江戸時代和泉(いずみ)国南(みなみ)郡岸和田(現、大阪府岸和田市)に藩庁をおいた、初め外様(とざま)藩、のち譜代(ふだい)藩。藩校は講習館、修武館。1585年(天正(てんしょう)13)に豊臣秀吉(とよとみひでよし)の部将小出秀政(こいでひでまさ)が岸和田城主に封ぜられたことに始まり、小出氏3代、松平(松井)2代と続いたあと、1640年(寛永(かんえい)17)に摂津(せっつ)国高槻(たかつき)藩から岡部宣勝(のぶかつ)が6万石で入封(にゅうほう)、以後明治維新まで岡部氏が13代続いた。石高は、2代行隆(ゆきたか)襲封のとき、弟2人への分与があり、5万3000石となった。宣勝が入封した際、松平氏のときに高直しされて貢租が重くなった領民の強訴(ごうそ)を受けたが、3000石を領民に分配することで解決、また宣勝は岸和田城の改修や寺社の建立・復興を精力的に行い、名君と称されている。3代長泰(ながやす)のときには現在の「岸和田だんじり祭」の起源とされる稲荷祭が始まった。1871年(明治4)の廃藩置県で岸和田県となり、その後、堺(さかい)県を経て81年大阪府に編入された。

出典 講談社藩名・旧国名がわかる事典について 情報

改訂新版 世界大百科事典 「岸和田藩」の意味・わかりやすい解説

岸和田藩 (きしわだはん)

和泉国(大阪府)岸和田の城に拠った藩。松平(松井)氏以後は譜代。1583年(天正11)豊臣秀吉の部将中村一氏が岸和田城主になったのに始まる。一氏が85年に近江国水口に移封され,代わって小出秀政が4000石で封ぜられたが,しだいに加増され95年(文禄4)には3万石となり,その子吉政,孫吉英(よしひさ)と続いた。1619年(元和5)に丹波篠山から松平(松井)康重が5万石をもって封ぜられたが,31年(寛永8)1万石増の軍役を上申して許され6万石を領有した。40年に摂津高槻から岡部宣勝が6万石をもって入封したが,その子行隆は61年(寛文1)襲封と同時に弟2人に5000石と2000石を分与したので,以後岸和田藩は5万3000石となり,明治初年まで13代,230年続いた。
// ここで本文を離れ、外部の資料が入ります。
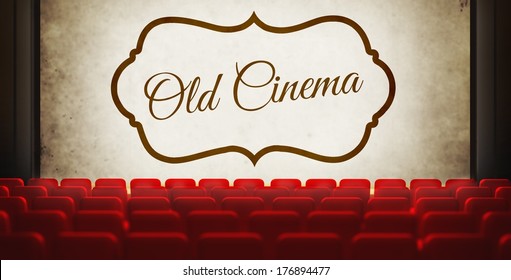 Vintage Movie Screen In Old Retro Cinema, View From Audience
13代長職(ながもと)の1869年(明治2)版籍を奉還した。
執筆者:

出典 株式会社平凡社「改訂新版 世界大百科事典」改訂新版 世界大百科事典について 情報

ブリタニカ国際大百科事典 小項目事典 「岸和田藩」の意味・わかりやすい解説

岸和田藩
きしわだはん

江戸時代,和泉国 (大阪府) 南郡岸和田地方を領有した藩。元和5 (1619) 年,松平 (松井) 氏が小出氏転封のあとへ5万石で入封し,2代在封したが,寛永 17 (40) 年岡部宣勝が摂津高槻 (大阪府) より6万石で入封,以来,13代にわたり在封。この間,寛文1 (61) 年岡部高成に 5000石,同豊明に 2000石を分与して廃藩置県にいたる。岡部氏は譜代,江戸城帝鑑間詰。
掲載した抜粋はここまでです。